Bug 1139066 part 2: Add support to download configs from git remotes.
authorWander Lairson Costa <wcosta@mozilla.com>
Wed, 11 Mar 2015 13:40:52 -0300 (2015-03-11)
changeset 3742 14efdd6647b528075dc7cf8ea9366223238da47d
parent 3741 6b7d8d086e8a54c9be63de8e5922c6bfbf8e3a92
child 3743 8dc154c5a136771ba3c1b2f4ddc2779399740161
child 3744 27b7e35e1995ac70c3853b4ac88fd81792923d58
push id2944
push usersfink@mozilla.com
push dateWed, 11 Mar 2015 17:12:54 +0000 (2015-03-11)
bugs1139066
Bug 1139066 part 2: Add support to download configs from git remotes. Currently, we are able to download configs for phones only from mercurial remotes. This is awkward because it prevents us from testing patches in our private github repositories. We now detect if the remote is a git or mercurial repository. Bear in mind that git does not support downloads of individual files, so each git provider has its own method for doing that. wE currently support git.mozilla.org and github.com.
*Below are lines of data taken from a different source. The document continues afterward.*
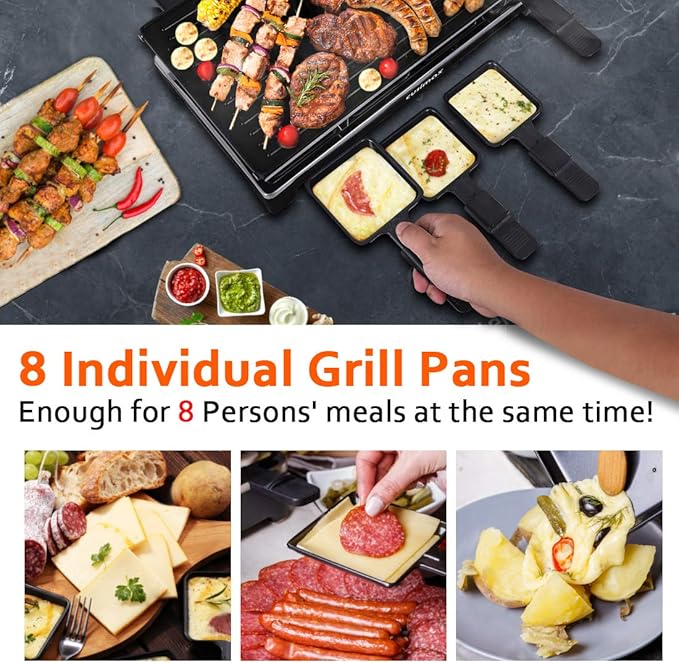 CUSIMAX Raclette Grill Electric Grill Table Portable 2 in 1 Korean BBQ Grill Indoor & Cheese Raclette, Reversible Non-stick plate, Crepe Maker with Adjustable temperature control and 8 Paddles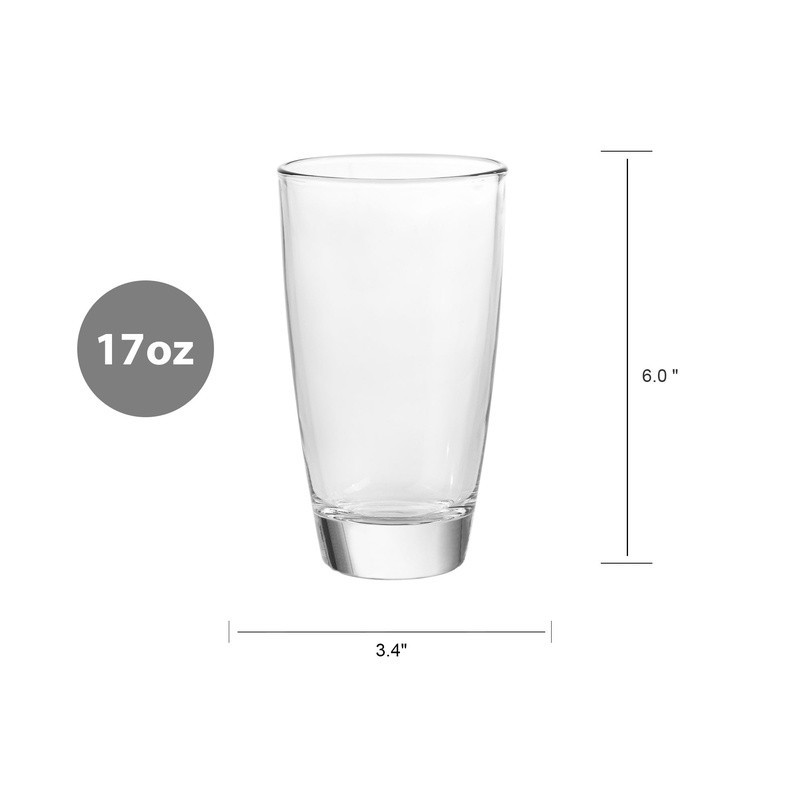 Clear Glass Drinkware Set 17 oz Stackable Beverage Glasses Durable 8 Count New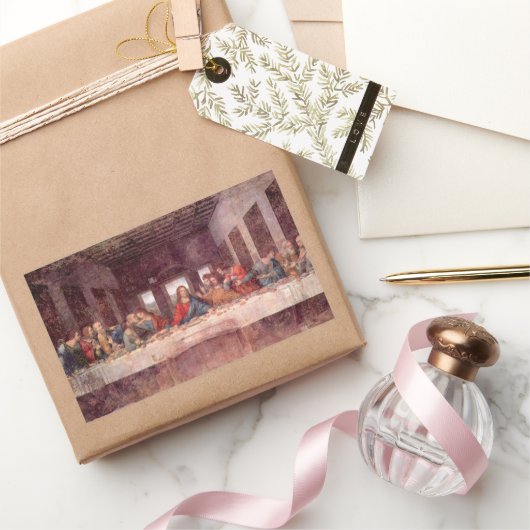 Het Laatste Avondmaal van Leonardo da Vinci Rechthoekige Sticker (Geschenken)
external_tools/__init__.py
external_tools/detect_repo.py
mozharness/mozilla/building/buildb2gbase.py
new file mode 100644
new file mode 100644
--- /dev/null
+++ b/external_tools/detect_repo.py
@@ -0,0 +1,52 @@
+#!/usr/bin/env python
+# Stolen from taskcluster-vcs
+# https://github.com/taskcluster/taskcluster-vcs/blob/master/src/vcs/detect_remote.js
+
+from urllib2 import Request, urlopen
+from urlparse import urlsplit, urlunsplit
+from os.path import exists, join
+
+def first(seq):
+    return next(iter(filter(lambda x: x, seq)), '')
+
+def all_first(*sequences):
+    return map(lambda x: first(x), sequences)
+
+# http://codereview.stackexchange.com/questions/13027/joining-url-path-components-intelligently
+# I wonder why this is not a builtin feature in Python
+def urljoin(*parts):
+    schemes, netlocs, paths, queries, fragments = zip(*(urlsplit(part) for part in parts))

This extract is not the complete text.